* Work to be completed:
Your copy should match the listing word for word, apart from the pictures, which are left out.
== Collected material ==
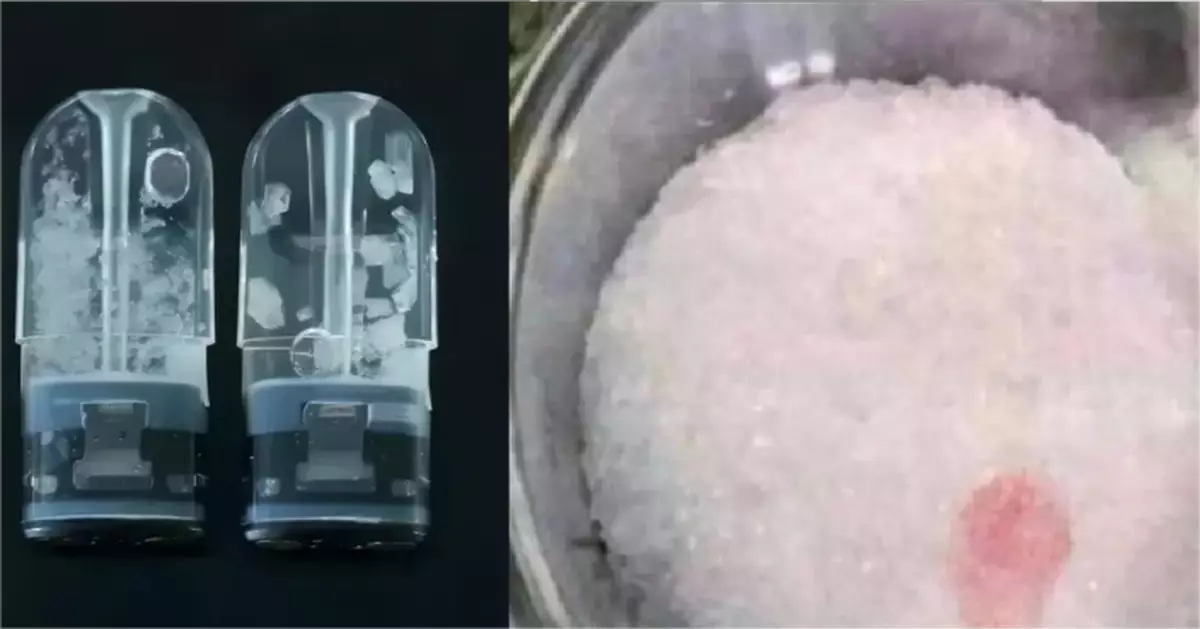 想販毒花36萬買「替代品」拆開竟係味精  內地男因遇詐騙意外逃脫罪罰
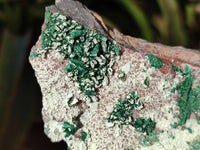 Natural Drusy Coated Malachite with Cobaltion Dolomite and Chrysocolla Specimens x 2 From Congo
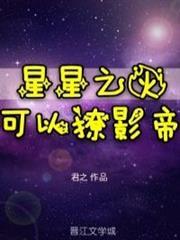 星星之火可以撩你晋江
===
* Answer:
 想販毒花36萬買「替代品」拆開竟係味精  內地男因遇詐騙意外逃脫罪罰
 Natural Drusy Coated Malachite with Cobaltion Dolomite and Chrysocolla Specimens x 2 From Congo
 星星之火可以撩你晋江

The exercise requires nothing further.